DigitasLBi plots global realignment to accelerate growth

Rosie Baker
By Rosie Baker | 7 February 2018
 
DigitasLBi 2018

Six years ago to the day, on 7 February 2012, the Sydney brand of digital shop Lost Boys International (LBi) opened its doors.

It later merged with Digitas after being acquired by Publicis Groupe to become DigitasLBi.

Now, the agency is set to reveal its revived global positioning that aims to bring more consistency to its offering across its 35 international shops.

Four months ago it appointed Michael Kahn (MK) as global brand president tasked with auditing the company and identifying areas it could tighten up its positioning, processes, and messaging.

Shortly afterwards, he promoted long-serving DigitasLBi execs Laurent Ezekiel and Jodi Robinson to jointly run the North American business and handed the remit for the network's international footprint to Ezekiel.

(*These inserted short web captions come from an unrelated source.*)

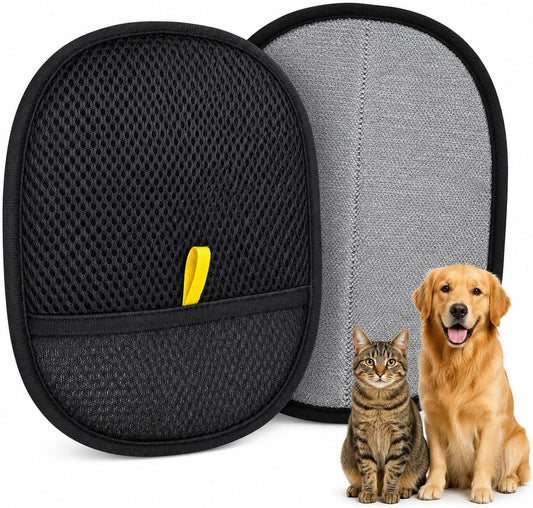 2 Pack Pet Hair Remover Mitts for Couch, Reusable Dog & Cat Hair Remover Gloves for Furniture, Clothes, Carpet, Bedding and Car Seats, Washable Lint Cleaner for Pet Fur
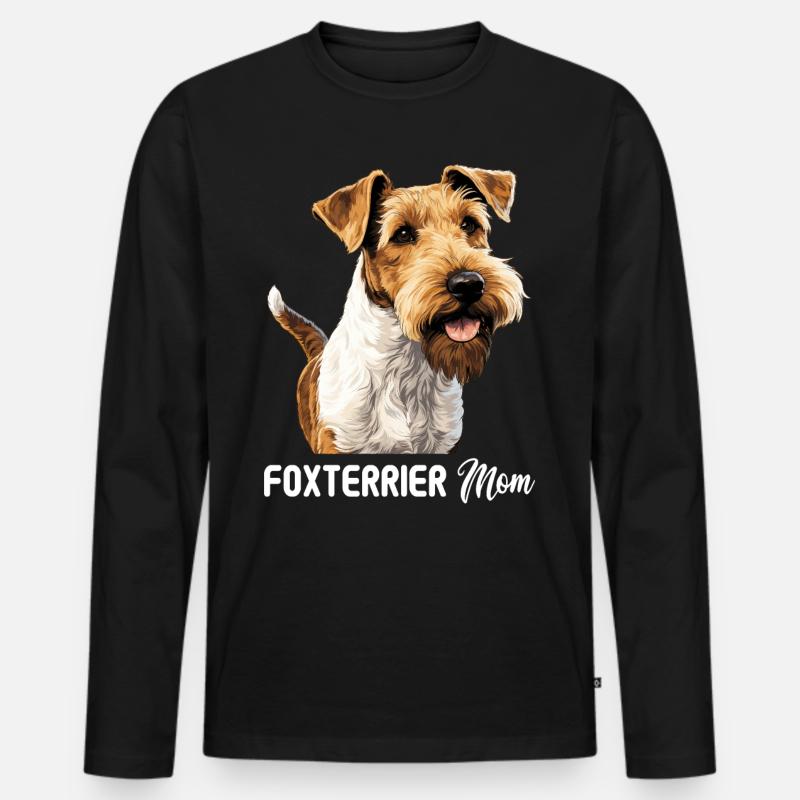 Hund Foxterrier - Männer Premium Bio Langarmshirt - Schwarz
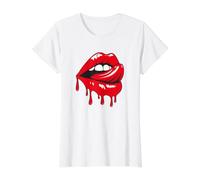 Langue Lèvres goutteuses Rouges T-Shirt Graphique avec Valeur, Femme, Blanc, S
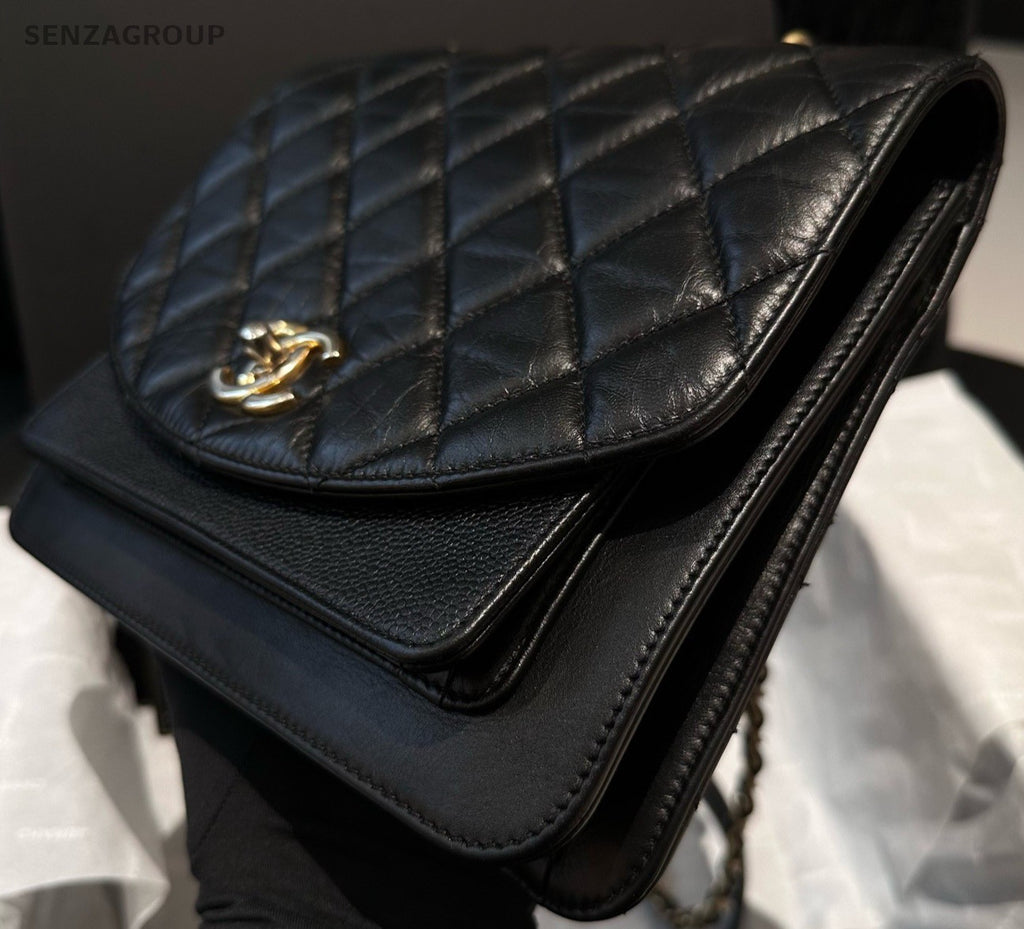 Chanel Diamond Chain Top Handle Bag Crossbody Black Gold Women Classic Fashion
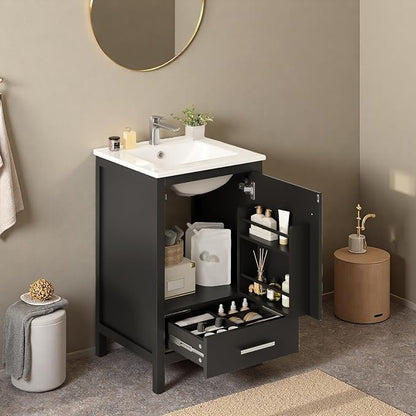 20" Freestanding Bathroom Vanity with Sink, Floor Stand Bathroom Storage Cabinet with Ceramic Sink, Door with Double-Layered Storage Shelves, Modern Compact Vanity with Divided Drawer, Black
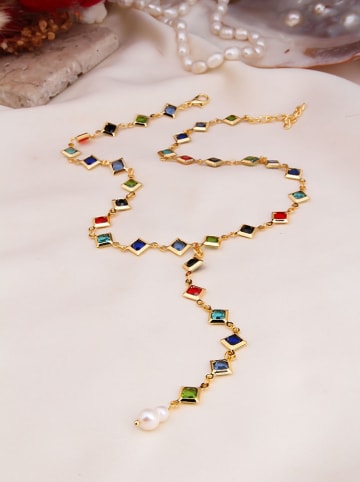 Pierres de Jade Vergulde ketting met sierelementen - (L)50 cm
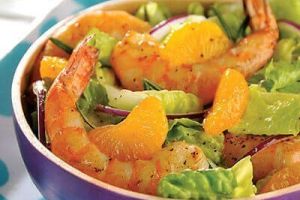 Ensalada de camarones con mandarinas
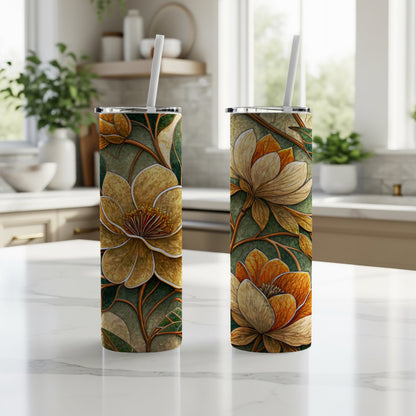 Floral Arrangement Yellow Flower and Green Leaves Art 20 oz Skinny Tumbler - Walk Greener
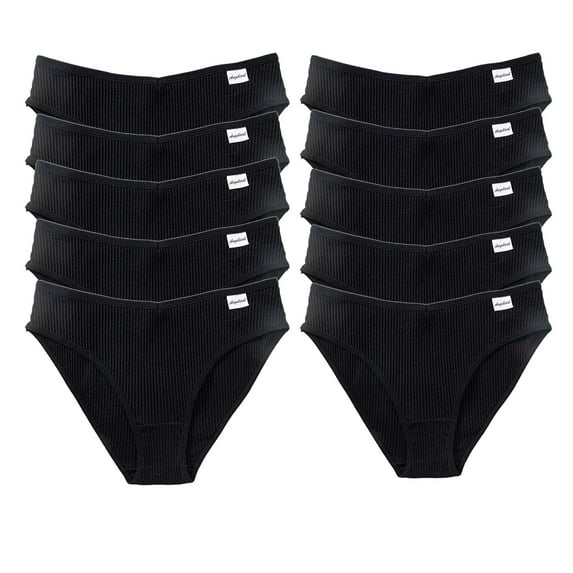 YDDIAN Teens Underwear Cotton Big Girls' Panties Low Rise V Waist 10-Pack Black L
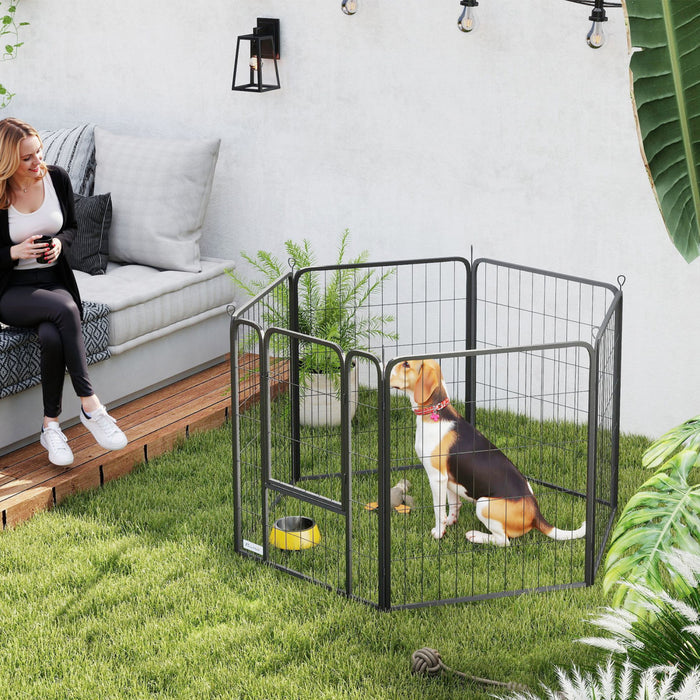 PawHut 6 Panels Dog Playpen, Portable Heavy Duty Pet Fence with Door & Strap, 31.5\"H, for Indoor Outdoor Backyard Garden, Foldable Puppy Pet Pen for Medium Dogs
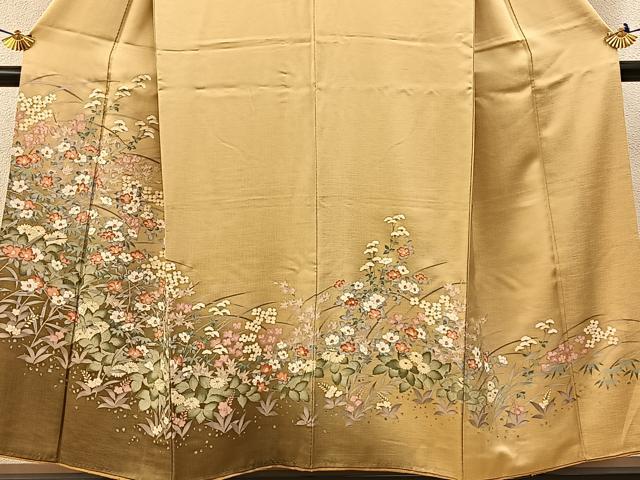平和屋着物●訪問着 草花文 暈し染め 金彩 正絹 逸品 BAAW5195hj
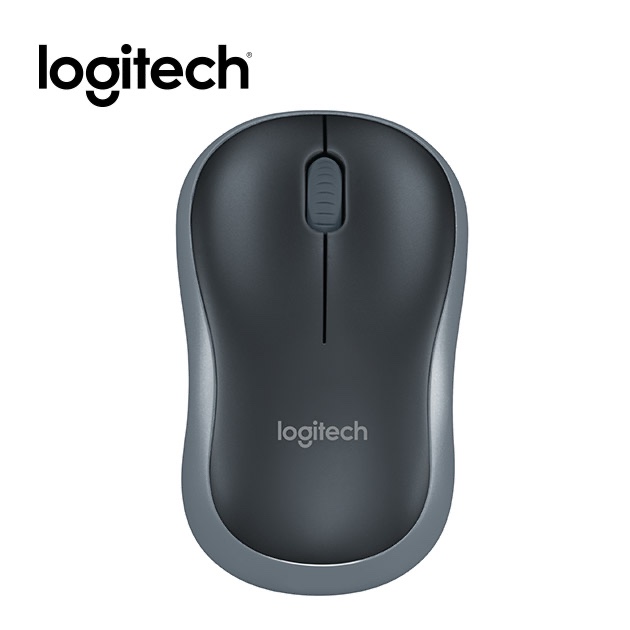 盒裝 LOGITECH 羅技 M186 黑色灰邊 無線滑鼠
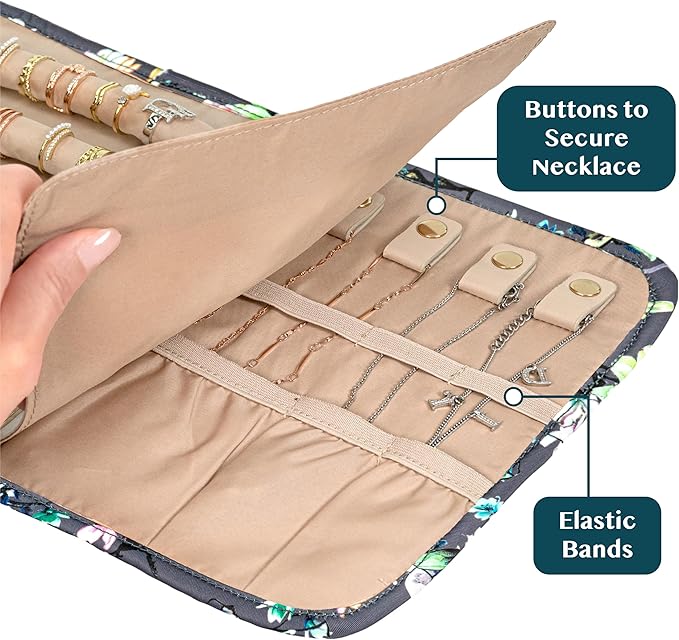 Pavilia Foldable Jewelry Organizer - Travel Roll Bag with Compartments for Earrings, Rings, Necklaces, Bracelets - Packing Accessory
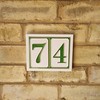 House Numbers Hand-painted Italian Ceramic Numbers Tiles Simple Green Design,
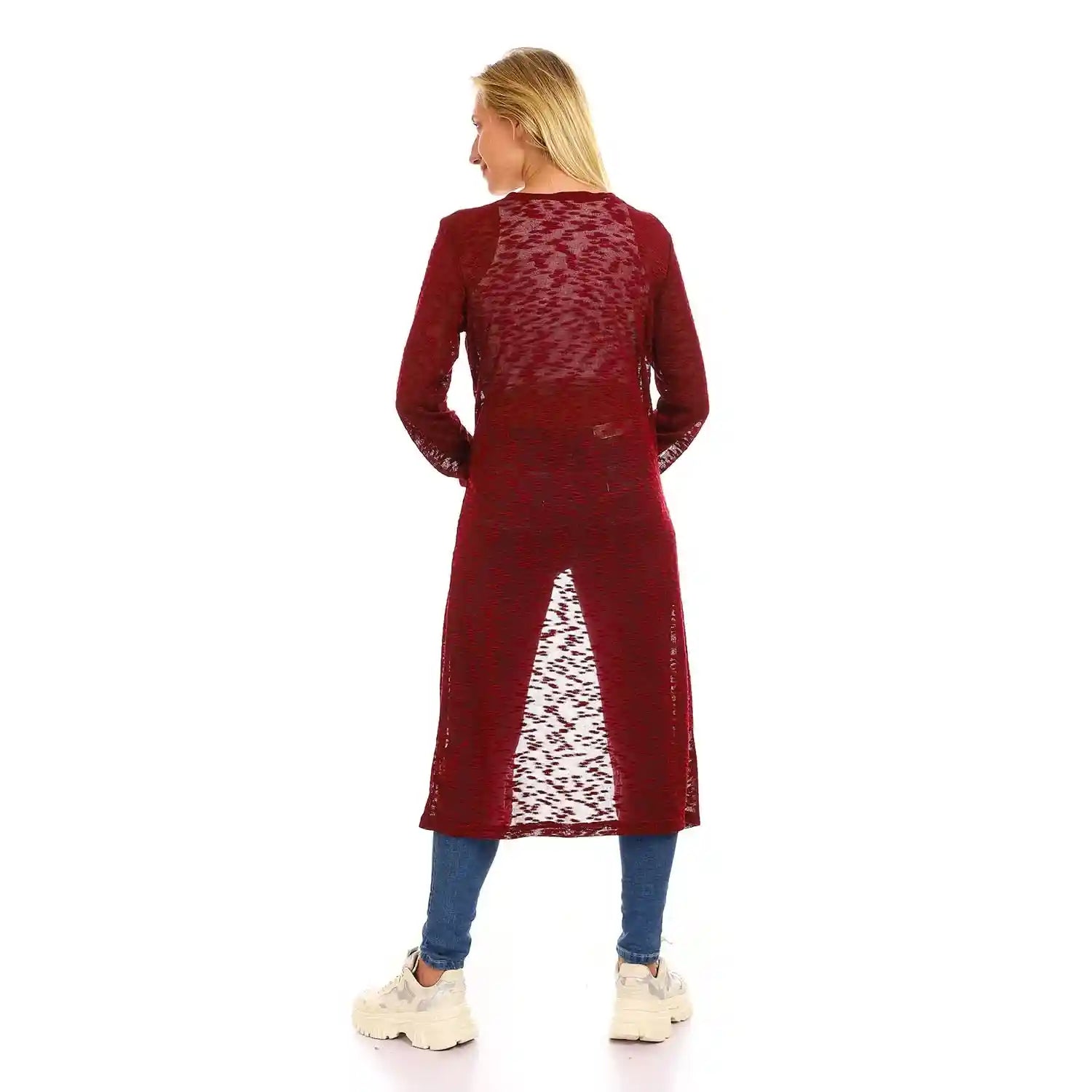 كارديجان جاميلا الطويل ذو النقشة الذاتية وتصميم الياقة المفتوحة مزيجًا من الأناقة والراحة. يتميز بنقشة مميزة وقصة أمامية مفتوحة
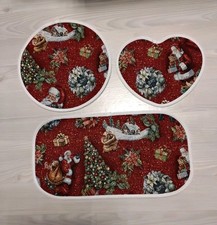 3 Weihnachtliche Gobelin Deckchen mit Häkelborte in Weiß 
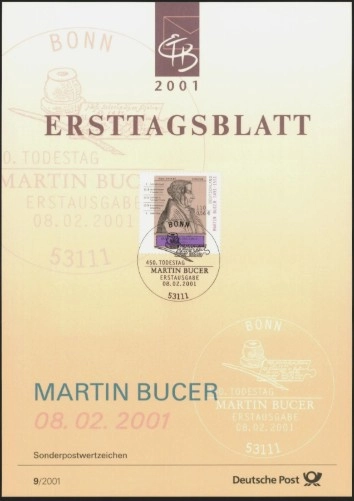 Almanya ETB, Ersttagsblatt 9/2001 – 450. Ölüm Yıldönümü Martin Bucer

Since then they have visited every international office to understand their clients, cultures and process, and to build it into a more unified positioning.

MK admits that until now the agency brand has “meant a lot of different things to a lot of different people” and didn’t have strong enough brand across the network.

The positioning of the group has landed on is built around the agency's ability to build better connections between disciplines and between its clients and their customers.

MK, whose role is global, says: "What we're trying to do is have a definition for what we stand for, the capabilities we have and the model so that we can raise the floor everywhere.

“The holy grail would be that you get to a point where a multi-market client can visit offices anywhere and go ‘wow, you feel the same, you are the same, and the teams are rocking that’.”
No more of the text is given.